Changes to teaching methods in Ho Chi Minh City have achieved positive results in both teaching and learning and helped to develop students’ creativity.
Nguyen Tran Quynh Phuong (right, first), a chemistry teacher at Nguyen Huu Huan High School, Thu Duc District, and her students show off some of the paper and hand-made souvenirs made from bagasse
Nguyen Tran Quynh Phuong, a chemistry teacher at Nguyen Huu Huan High School, Thu Duc district, has chosen the STEM (Science, Technology, Engineering and Mathematics) educational method to teach her students in recent years.
She said the method helped equip her students with knowledge and skills in the fields of science, technology, engineering and mathematics and apply the lessons in practice.
Accordingly, she designs 1-2 lessons for each class, and often uses the topic of recycling for her lessons.
Phuong said she had been teaching for nine years. In the first five years, she only used traditional teaching methods, so her students often complained the lessons were boring.
As a result she tried using the STEM method to engage her students during the lessons and inspire their creativity, she added.
The knowledge they learn can be applied in different areas.
For example, in 10th grade, the students did not know how to manufacture certain products, but they did have very good ideas, she said.
However, teachers could continue guiding them in later grades so they could develop their ideas into making a product, she said.
“The students' creativity is unlimited. Just give them the opportunity and they can do things that we could never imagine”, she said.
When teachers changed their teaching methods, they could see the change in students, she said.
Recently, she and her students carried out a project to produce paper and handmade souvenirs from bagasse. The project was awarded first prize in the “Students with start-up ideas in 2020” contest by the city’s Education and Training Department.
The idea for the project came from Luong Tam Nhu, a student in grade 12A6.
Two years ago, when she was in one of Phuong's STEM lessons on recycled products, Nhu observed that bagasse was often disposed of by incineration, adversely affecting the environment and people's health.
After the lesson, Nhu came up with an idea to take advantage of bagasse to make paper and handmade products.
The idea was realised with support from Phuong and a team of students from the school. Some 500 products such as paintings, notebooks, calendars and cup holders made from bagasse sold out when the team presented them at exhibitions and fairs in the city.
Nhu said she could learn how to apply theory into practice through the STEM lessons.
“Chemistry is no longer “dry” knowledge. It inspires us to apply the knowledge we’ve learned into practice and make products,” she said.
Besides, we also learned a lot of other skills like teamwork, market analysis and product promotion, she added.
Many schools in the city have encouraged their teachers to change their methods to inspire creativity among students.

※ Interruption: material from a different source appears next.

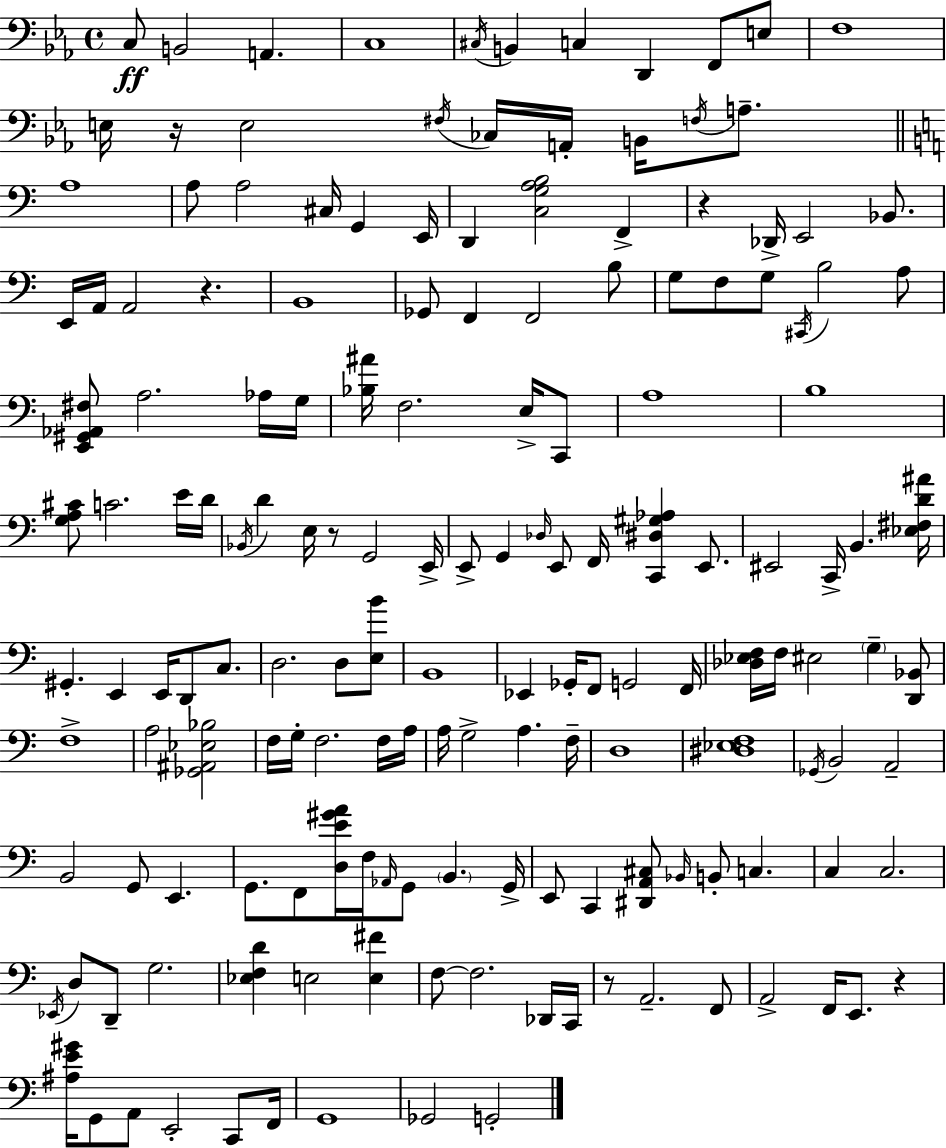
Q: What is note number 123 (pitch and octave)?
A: F3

Cao Xuan Hung, vice principal of Ky Dong Primary School, District 3, said the school always encouraged their teachers to actively seek and change their teaching methods to inspire more creativity among students.
Pham Thai Ho, principal of Cu Chinh Lan Secondary School, Binh Thanh district, said the school often organised training courses for its teachers to improve their professional skills and share effective teaching methods.

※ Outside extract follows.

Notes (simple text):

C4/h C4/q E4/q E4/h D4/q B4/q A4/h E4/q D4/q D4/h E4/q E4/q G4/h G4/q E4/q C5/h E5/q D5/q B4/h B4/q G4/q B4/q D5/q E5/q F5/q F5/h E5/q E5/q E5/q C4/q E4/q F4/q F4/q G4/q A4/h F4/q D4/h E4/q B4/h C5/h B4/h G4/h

Le Hong Son, director of the city’s Education and Training Department, said teachers and managerial officers were the decisive factors for the successful implementation of educational reforms and projects, meeting the demand for high-quality human resources in the city.
The city’s education sector would hold training courses for over 90,000 teachers and managerial officers to encourage creative thinking and effective teaching methods by 2025, he said.
Vice chairman of the city's People’s Committee Duong Anh Duc said teachers in the city needed to be equipped with more skills and modern teaching methods to show students how to self-learn like their peers in the region and around the world.
This would be a key factor in determining the success of educational reforms, he said.